[Brief descriptive captions]
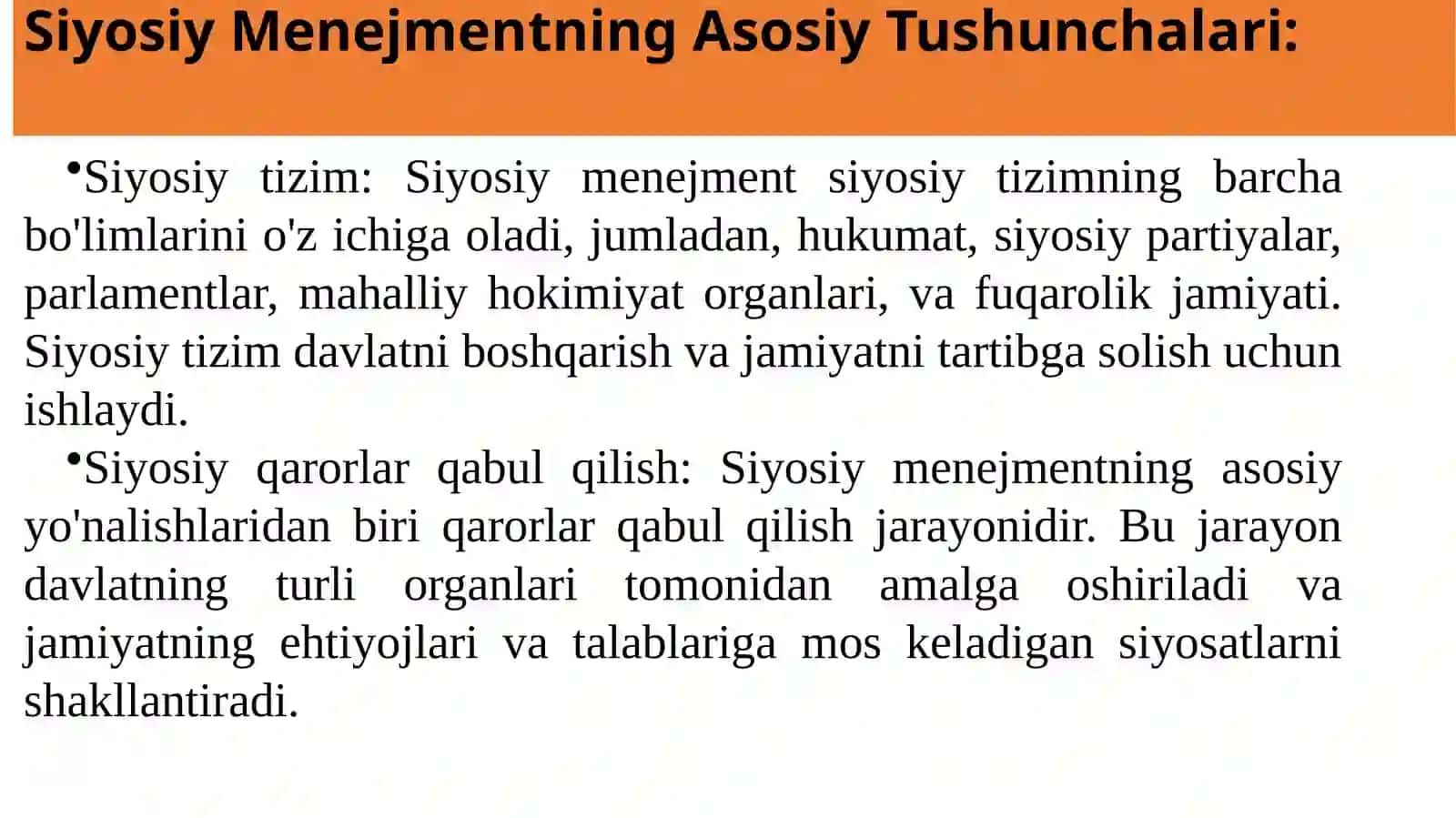 Siyosiy menejment 3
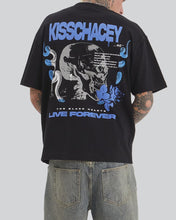 Load image into Gallery viewer, Kiss Chacey Mathry Street Tee - Jet Black
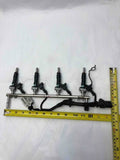2014 CHEVROLET SONIC Fuel Injector Rails With Injectors Code 55567240 G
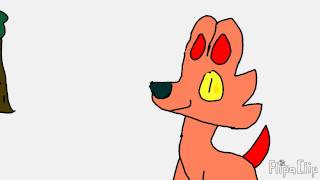 Jumping Wolf animation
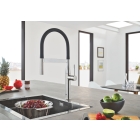 Смеситель для кухни GROHE Essence c профессиональным изливом, суперсталь (30503DC0)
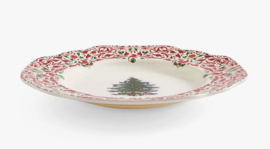 Ontbijtbord Yuletide Christmas Tree Spode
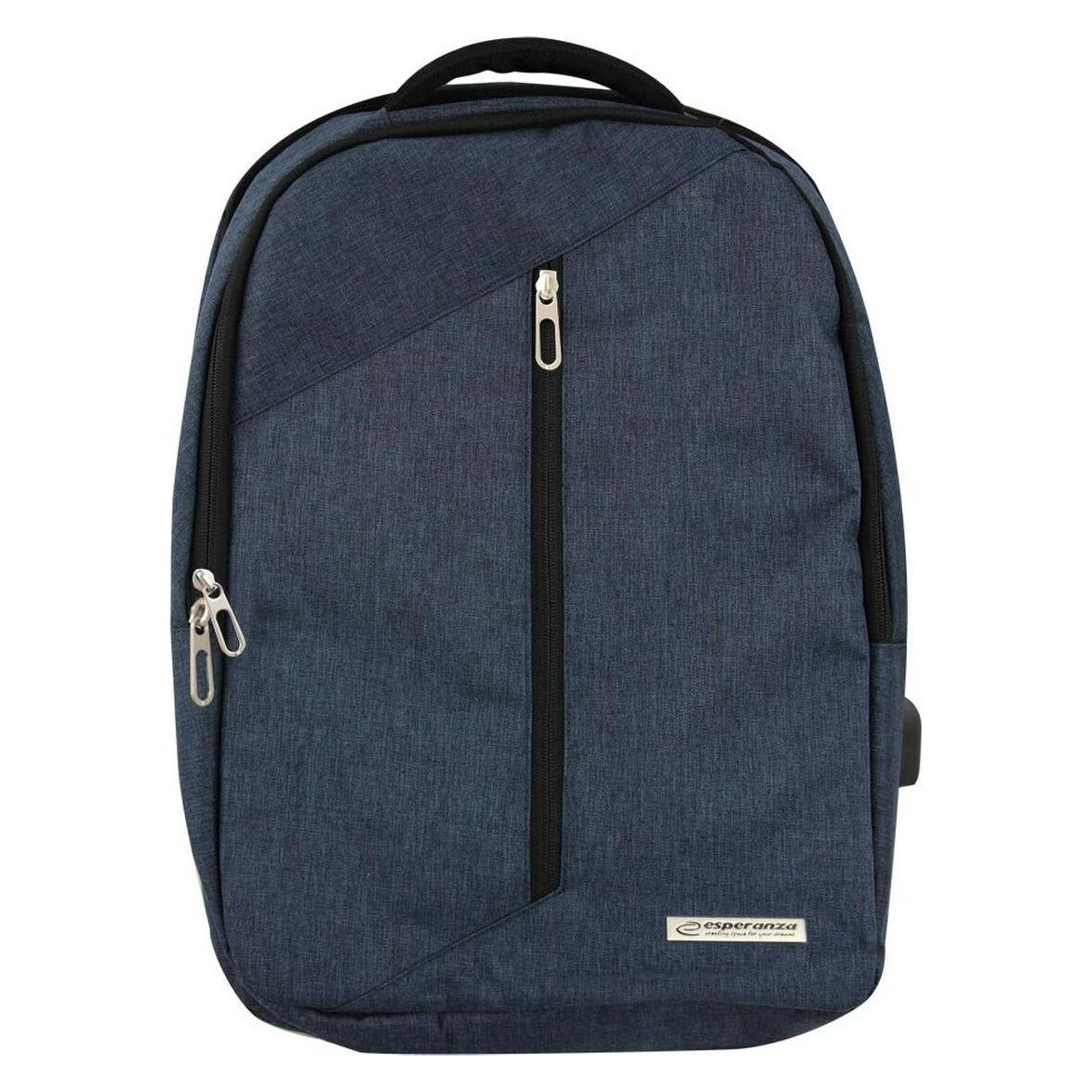 Esperanza ET196 Laptop-Rucksack 15 6" Blau (ET196)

Task = Omit the pictures, and please restate word for word the lines running from the line with "Load image into" to the end of the entries.

Solution to this exercise =
 Load image into Gallery viewer, Kiss Chacey Mathry Street Tee - Jet Black
2014 CHEVROLET SONIC Fuel Injector Rails With Injectors Code 55567240 G
 Jumping Wolf animation
 Смеситель для кухни GROHE Essence c профессиональным изливом, суперсталь (30503DC0)
 Ontbijtbord Yuletide Christmas Tree Spode
 Esperanza ET196 Laptop-Rucksack 15 6" Blau (ET196)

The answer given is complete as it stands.